Read through the lines below for the string "Silver" and copy each one that has it.

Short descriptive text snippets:
---*---

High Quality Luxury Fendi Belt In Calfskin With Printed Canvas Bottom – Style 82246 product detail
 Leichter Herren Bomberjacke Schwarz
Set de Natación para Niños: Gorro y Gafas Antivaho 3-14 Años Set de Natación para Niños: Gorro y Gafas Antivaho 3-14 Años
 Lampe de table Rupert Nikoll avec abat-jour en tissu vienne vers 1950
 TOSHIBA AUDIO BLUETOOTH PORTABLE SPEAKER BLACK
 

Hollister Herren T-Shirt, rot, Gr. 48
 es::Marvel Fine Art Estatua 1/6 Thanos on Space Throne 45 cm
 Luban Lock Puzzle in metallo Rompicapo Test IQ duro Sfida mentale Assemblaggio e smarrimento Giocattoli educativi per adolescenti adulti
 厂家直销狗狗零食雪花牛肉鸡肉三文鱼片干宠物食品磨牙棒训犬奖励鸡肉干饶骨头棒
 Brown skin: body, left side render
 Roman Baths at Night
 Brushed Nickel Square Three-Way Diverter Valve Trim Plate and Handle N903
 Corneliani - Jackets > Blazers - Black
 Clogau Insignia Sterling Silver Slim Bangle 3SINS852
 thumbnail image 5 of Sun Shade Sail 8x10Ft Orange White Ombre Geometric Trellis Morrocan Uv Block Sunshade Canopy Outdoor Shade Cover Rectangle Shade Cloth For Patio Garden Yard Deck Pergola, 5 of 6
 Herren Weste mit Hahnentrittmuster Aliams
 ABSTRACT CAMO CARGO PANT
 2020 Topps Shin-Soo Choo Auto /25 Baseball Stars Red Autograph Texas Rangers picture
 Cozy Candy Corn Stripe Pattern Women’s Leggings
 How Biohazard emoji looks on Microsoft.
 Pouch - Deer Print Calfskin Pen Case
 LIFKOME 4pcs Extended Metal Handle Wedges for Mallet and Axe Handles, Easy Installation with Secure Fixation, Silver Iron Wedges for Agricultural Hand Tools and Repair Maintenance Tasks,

---*---

**Solved problem**
 Clogau Insignia Sterling Silver Slim Bangle 3SINS852
 LIFKOME 4pcs Extended Metal Handle Wedges for Mallet and Axe Handles, Easy Installation with Secure Fixation, Silver Iron Wedges for Agricultural Hand Tools and Repair Maintenance Tasks,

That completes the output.